Como cualquiera, y especialmente como cualquiera en el país donde me ha tocado vivir, tengo mi opinión respecto de casi todo, incluido el asunto que Guzmán acababa de sacar. Pero he llegado a la conclusión de que no es necesario ni oportuno decir siempre y ante todos lo que piensas, y de que hay cuestiones respecto de las que más vale pecar por defecto que por exceso. Así que me cuidé de respaldar o rebatir los juicios del teniente y me limité a aprovechar la confianza que a raíz de ellos me otorgaba.

– El caso es que, oye, es curioso -volvió a hablar Guzmán-. Si te dijera que echo de menos aquellos tiempos… Los del sucio Nissan y andar todo el día por los caminos. A mí lo que me gusta es el campo, y no esto.

Lo que señalaba el teniente era la autopista por la que avanzábamos hacia la capital. Anglada, que llevaba el coche (sin permitirle en ningún momento bajar de ciento cincuenta, dicho sea de paso), se sumó a su opinión.

– Reconozco que a mí también me gustaba patrullar por el campo -dijo-. No sé, hay muchos momentos en que te relaja.

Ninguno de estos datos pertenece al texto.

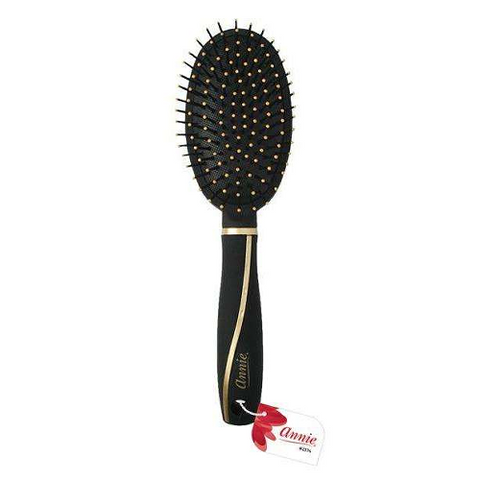Oval Paddle Cushion Brush by ANNIE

Como cuando ves salir o ponerse el sol, o como cuando se levanta de pronto una tormenta.

– A eso me refiero, por ejemplo -ratificó el teniente, nostálgico.

– Te sientes puteada, claro -continuó Anglada-. Sobre todo al principio, cuando te toca como me tocaba a mí salir con el guardia viejo de turno y por la noche veías al caimán roncar en el asiento de al lado y tú como una idiota tratando de seguir despierta. Pero tiene su encanto incluso eso, estar ahí, sola con tus pensamientos, cuando todos los demás duermen.

No podía ver el rostro de Chamorro, sólo su nuca. Le imaginé un gesto impenetrable, y sentí deseos de volver a estar a solas con ella para preguntarle el motivo de su antipatía hacia aquella chica.